* TASK *
Output every record word for word, minus the pictures.

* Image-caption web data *
· · · ·

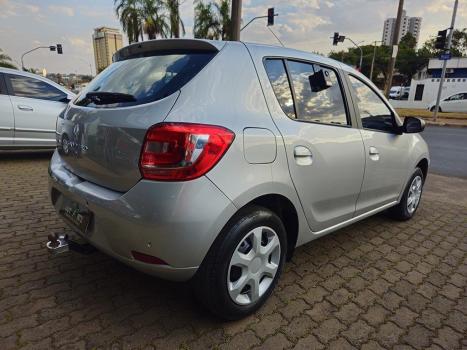 RENAULT Sandero 1.0 16V 4P FLEX EXPRESSION, Foto 6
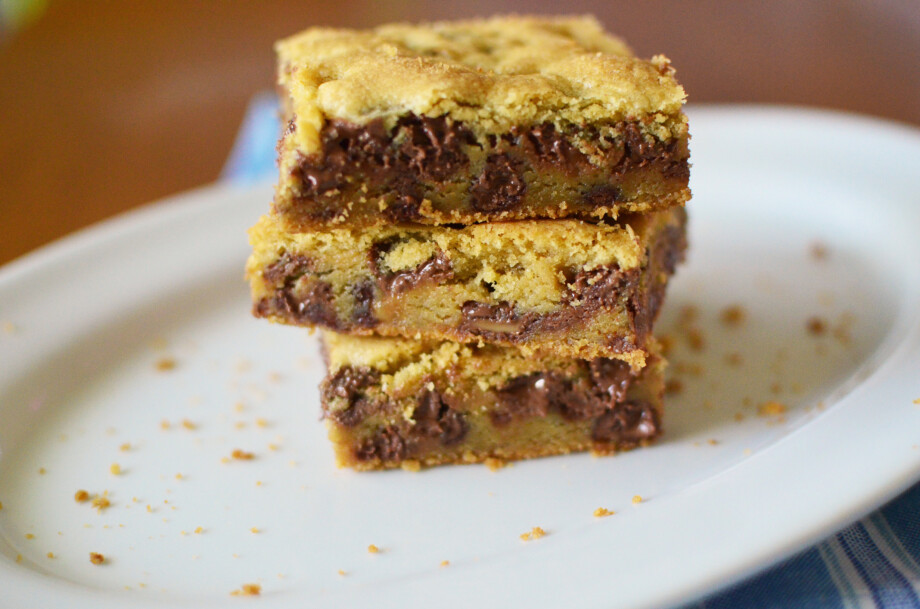 Gooey Caramel Chocolate Chip Cookie Bars - Simple, Sweet & Savory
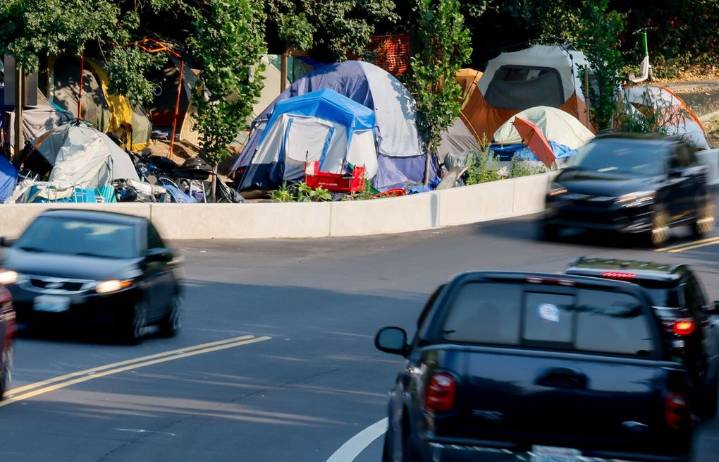 Burien voters swing progressive after debates on homelessness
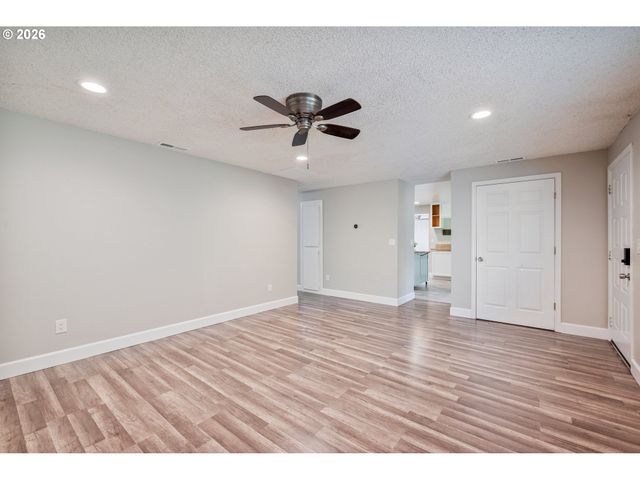 13012 Ne 43RD St, Vancouver, WA 98682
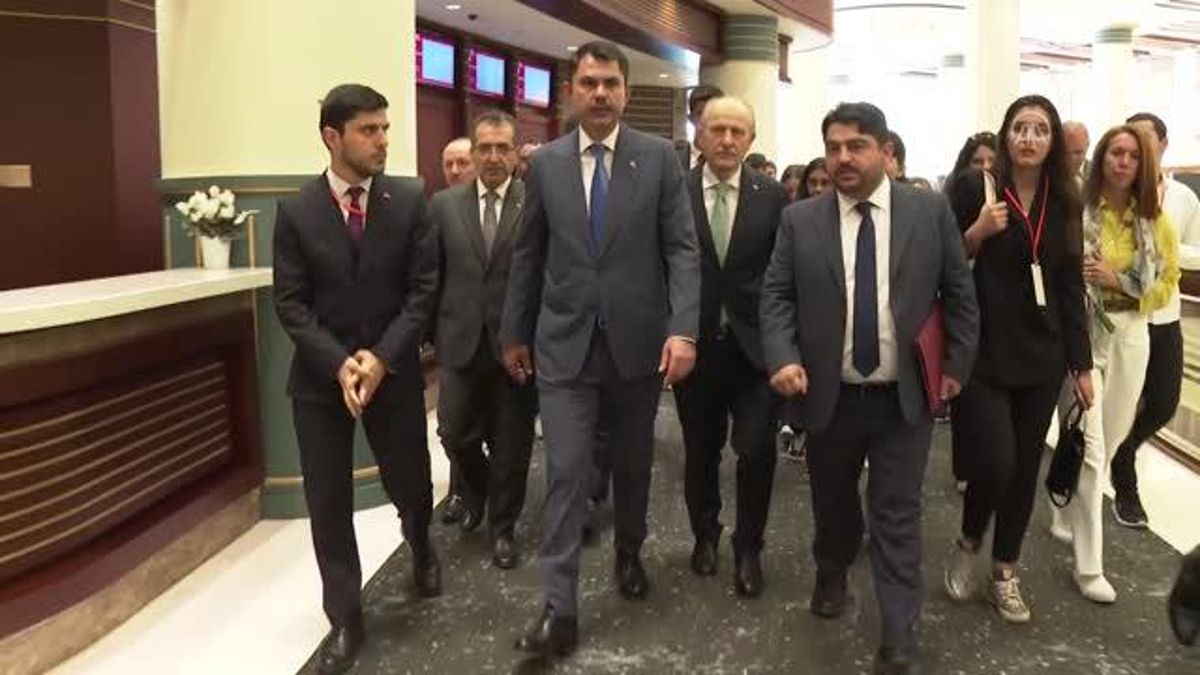 Emine Erdoğan'dan çevreci gençlere tam dayanak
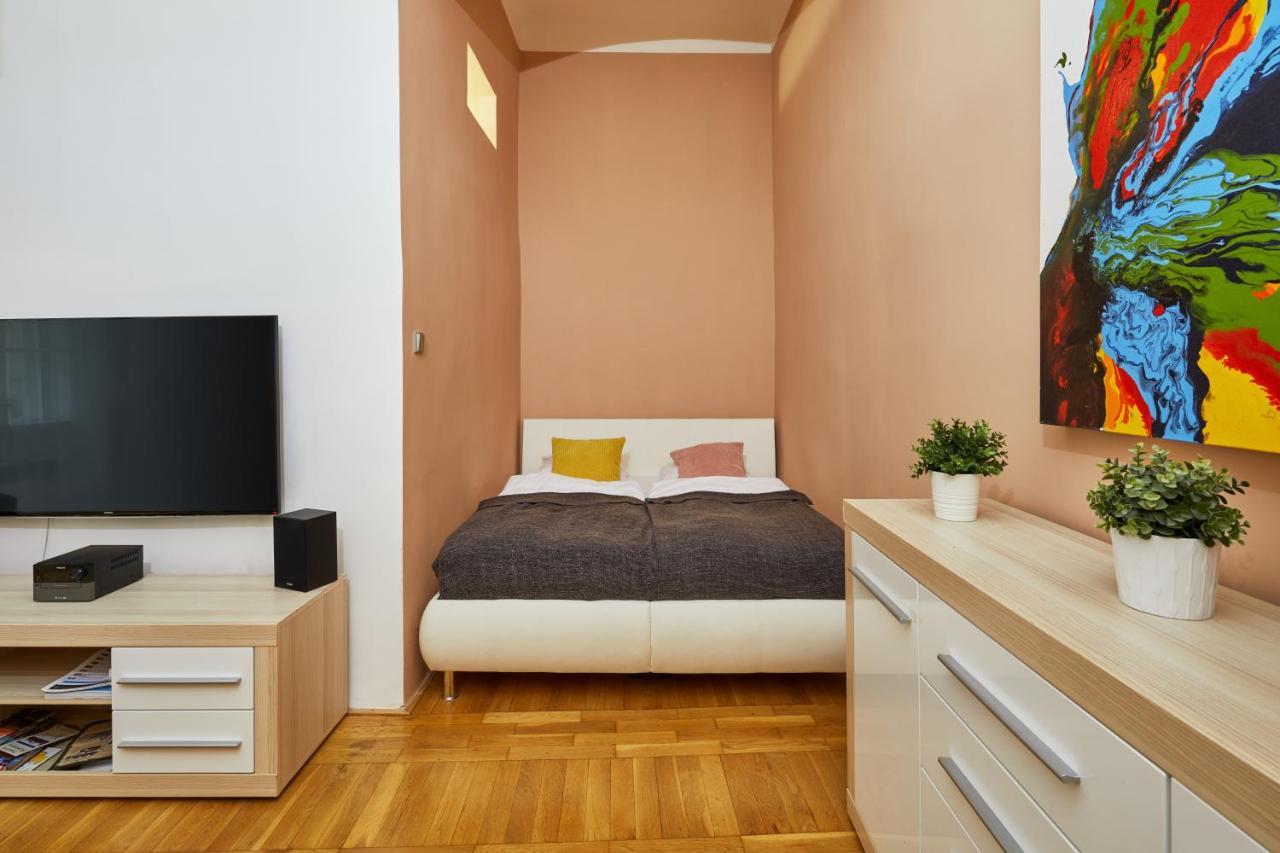 شقة Prague Days - Cozy Flat In The Old Town المظهر الخارجي الصورة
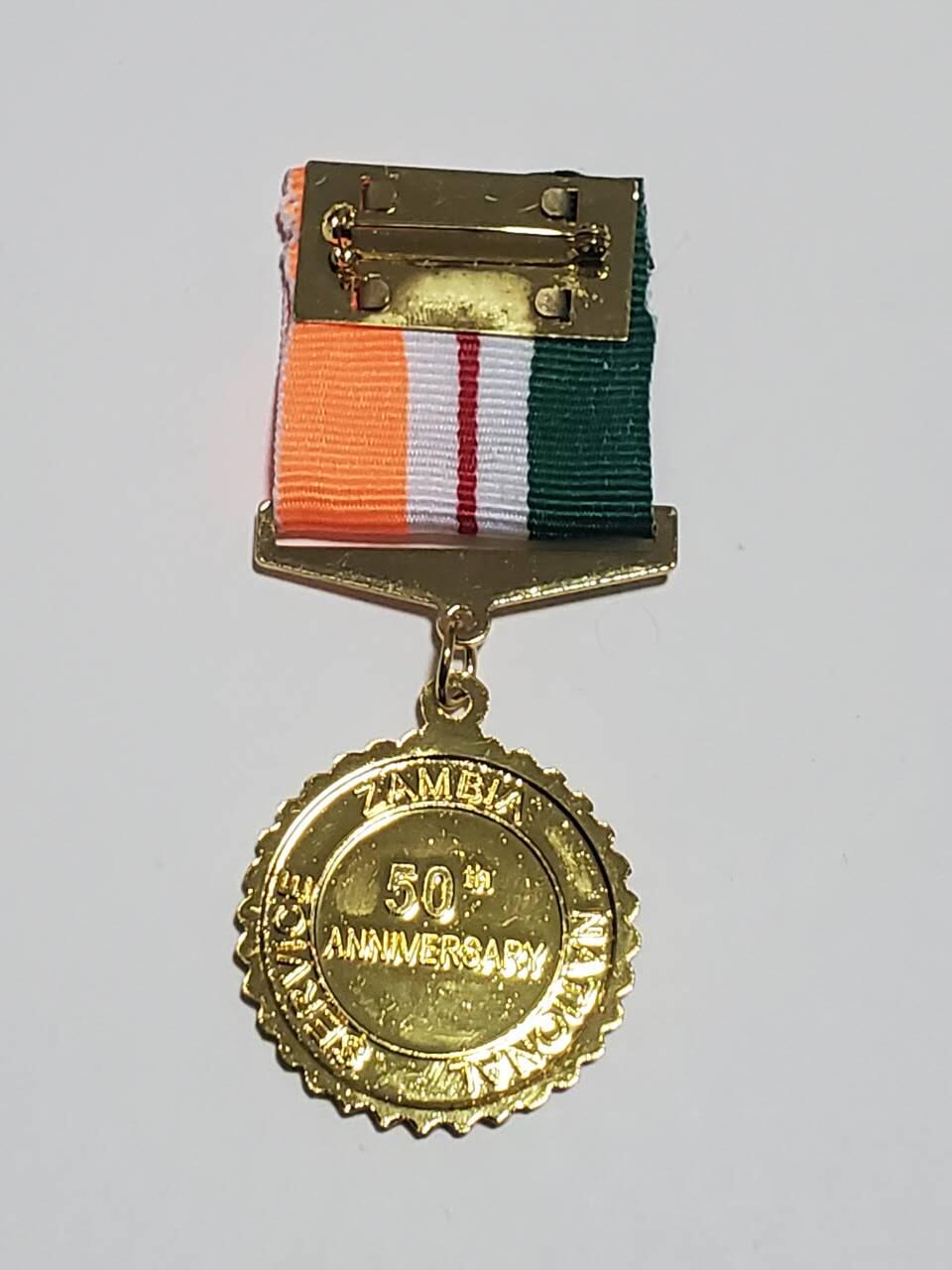 韵星假日军品类拍卖第三十九期暨默多克中校夫妇专场 -- Rimey Holidays Militaria Auction 39 & The Modoks Collection  赞比亚共和国国家服务金僖奖章 铜镀金 少见国家 非常厚重 库存品相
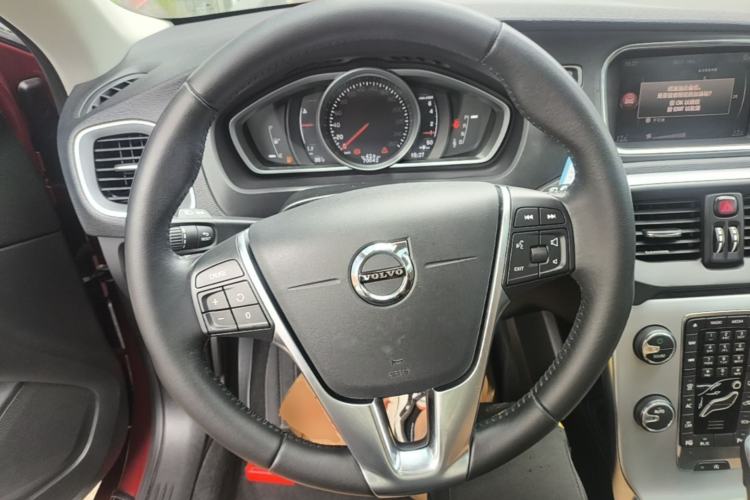 Used Volvo V40 2018 T3 Zhiya Edition Steering Wheel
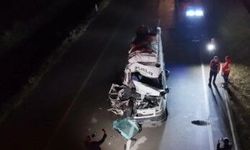Minibüs TIR'a çarptı: Çok sayıda yaralı var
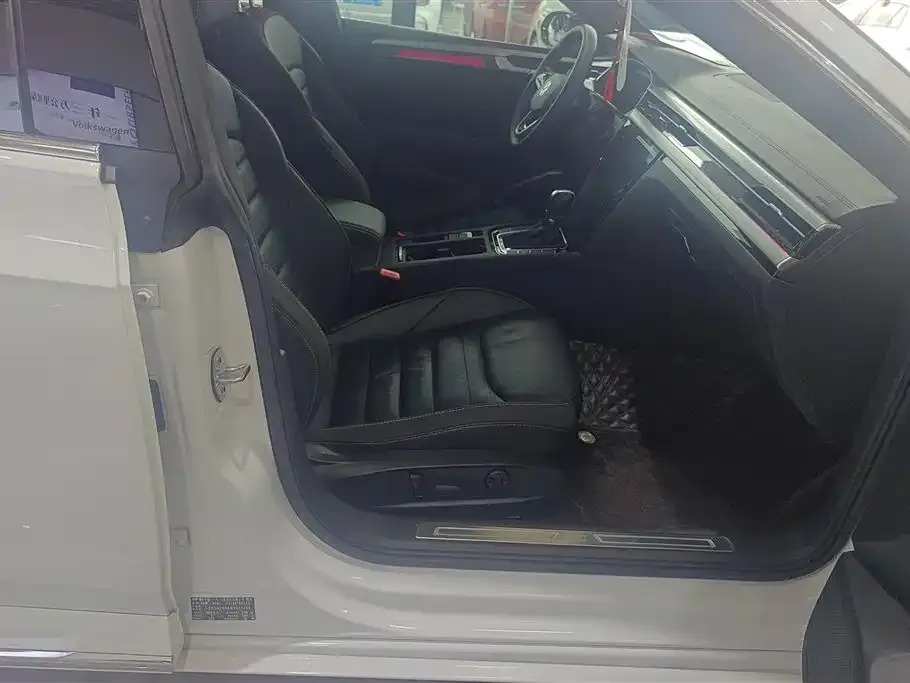 Volkswagen CC 2022 из CN, фото 2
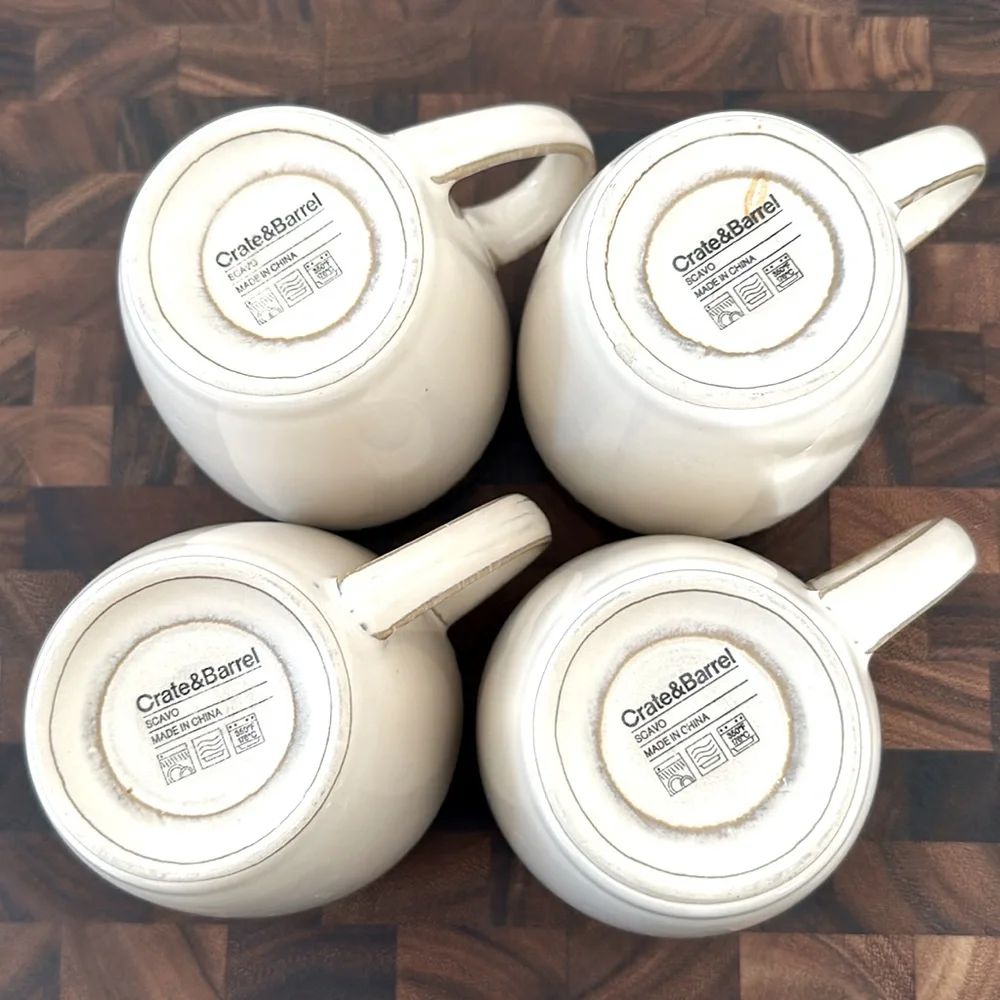 Crate&Barrel Rare Mug Set of 4 - Beige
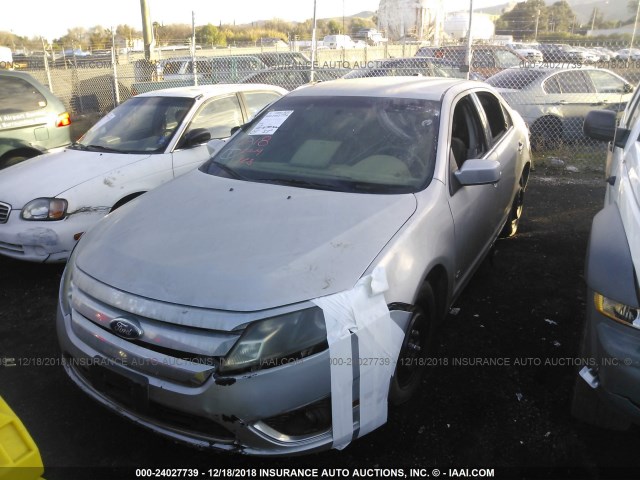 3FADP0L34AR377232 - 2010 FORD FUSION HYBRID SILVER photo 2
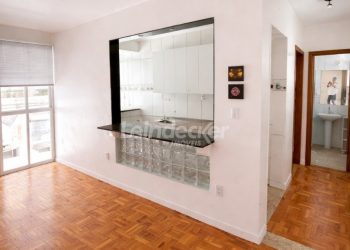 Apartamento à venda com 43m², 1 dormitório no bairro Santana em Porto Alegre
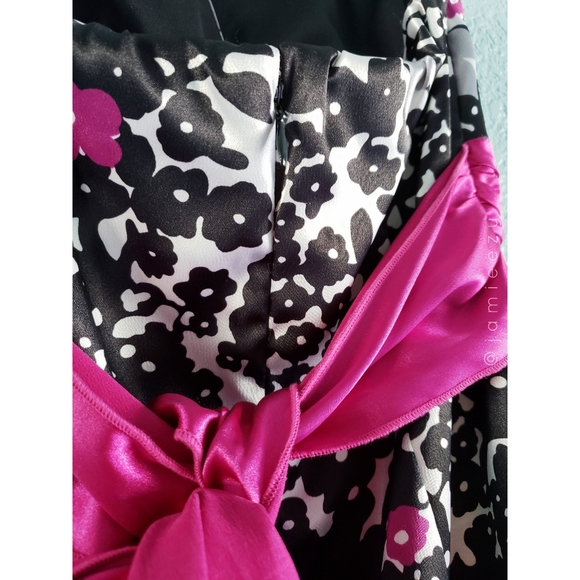 Teeze Me | Silky Abstract Floral Halter Dress - Picture 6 of 9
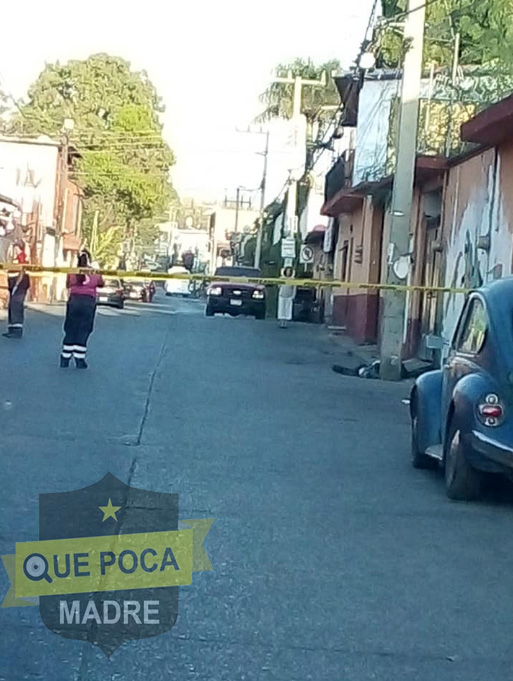 Encuentran a un hombre muerto en el centro de Jiutepec.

· · · ·

* COMPLETED TASK *
 RENAULT Sandero 1.0 16V 4P FLEX EXPRESSION, Foto 6
 Gooey Caramel Chocolate Chip Cookie Bars - Simple, Sweet & Savory
 Burien voters swing progressive after debates on homelessness
 13012 Ne 43RD St, Vancouver, WA 98682
 Emine Erdoğan'dan çevreci gençlere tam dayanak
 شقة Prague Days - Cozy Flat In The Old Town المظهر الخارجي الصورة
 韵星假日军品类拍卖第三十九期暨默多克中校夫妇专场 -- Rimey Holidays Militaria Auction 39 & The Modoks Collection  赞比亚共和国国家服务金僖奖章 铜镀金 少见国家 非常厚重 库存品相
 Used Volvo V40 2018 T3 Zhiya Edition Steering Wheel
Minibüs TIR'a çarptı: Çok sayıda yaralı var
 Volkswagen CC 2022 из CN, фото 2
 Crate&Barrel Rare Mug Set of 4 - Beige
 3FADP0L34AR377232 - 2010 FORD FUSION HYBRID SILVER photo 2
 Apartamento à venda com 43m², 1 dormitório no bairro Santana em Porto Alegre
 Teeze Me | Silky Abstract Floral Halter Dress - Picture 6 of 9
 Encuentran a un hombre muerto en el centro de Jiutepec.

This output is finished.